*TRY IT:*
Would you write out, word for word, each line of the records below from the top through the one holding "Tappeto Cinese Pechino"?

*DATA EXTRACTS:*
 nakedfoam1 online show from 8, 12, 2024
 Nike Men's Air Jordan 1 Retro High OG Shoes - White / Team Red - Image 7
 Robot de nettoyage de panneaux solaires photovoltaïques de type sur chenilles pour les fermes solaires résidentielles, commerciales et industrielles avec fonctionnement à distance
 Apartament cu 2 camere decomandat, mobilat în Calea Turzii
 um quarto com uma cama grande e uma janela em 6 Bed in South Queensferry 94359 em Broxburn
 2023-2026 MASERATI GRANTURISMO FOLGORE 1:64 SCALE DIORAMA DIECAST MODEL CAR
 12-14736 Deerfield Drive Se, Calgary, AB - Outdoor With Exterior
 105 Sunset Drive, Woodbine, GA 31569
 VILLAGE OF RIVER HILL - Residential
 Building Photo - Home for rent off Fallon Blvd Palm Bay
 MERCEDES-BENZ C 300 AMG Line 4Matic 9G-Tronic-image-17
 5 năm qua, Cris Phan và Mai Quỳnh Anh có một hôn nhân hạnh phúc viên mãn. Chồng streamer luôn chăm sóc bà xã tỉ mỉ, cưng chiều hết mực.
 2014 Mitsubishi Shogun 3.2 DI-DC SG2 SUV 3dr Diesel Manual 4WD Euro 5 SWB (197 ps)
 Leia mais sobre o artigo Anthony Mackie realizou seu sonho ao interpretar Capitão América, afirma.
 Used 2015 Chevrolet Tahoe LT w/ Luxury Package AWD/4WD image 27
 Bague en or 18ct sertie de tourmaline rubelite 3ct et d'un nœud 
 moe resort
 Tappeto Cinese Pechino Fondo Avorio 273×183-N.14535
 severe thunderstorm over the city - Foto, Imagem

*SOLUTION TO THIS PROBLEM:*
 nakedfoam1 online show from 8, 12, 2024
 Nike Men's Air Jordan 1 Retro High OG Shoes - White / Team Red - Image 7
 Robot de nettoyage de panneaux solaires photovoltaïques de type sur chenilles pour les fermes solaires résidentielles, commerciales et industrielles avec fonctionnement à distance
 Apartament cu 2 camere decomandat, mobilat în Calea Turzii
 um quarto com uma cama grande e uma janela em 6 Bed in South Queensferry 94359 em Broxburn
 2023-2026 MASERATI GRANTURISMO FOLGORE 1:64 SCALE DIORAMA DIECAST MODEL CAR
 12-14736 Deerfield Drive Se, Calgary, AB - Outdoor With Exterior
 105 Sunset Drive, Woodbine, GA 31569
 VILLAGE OF RIVER HILL - Residential
 Building Photo - Home for rent off Fallon Blvd Palm Bay
 MERCEDES-BENZ C 300 AMG Line 4Matic 9G-Tronic-image-17
 5 năm qua, Cris Phan và Mai Quỳnh Anh có một hôn nhân hạnh phúc viên mãn. Chồng streamer luôn chăm sóc bà xã tỉ mỉ, cưng chiều hết mực.
 2014 Mitsubishi Shogun 3.2 DI-DC SG2 SUV 3dr Diesel Manual 4WD Euro 5 SWB (197 ps)
 Leia mais sobre o artigo Anthony Mackie realizou seu sonho ao interpretar Capitão América, afirma.
 Used 2015 Chevrolet Tahoe LT w/ Luxury Package AWD/4WD image 27
 Bague en or 18ct sertie de tourmaline rubelite 3ct et d'un nœud 
 moe resort
 Tappeto Cinese Pechino Fondo Avorio 273×183-N.14535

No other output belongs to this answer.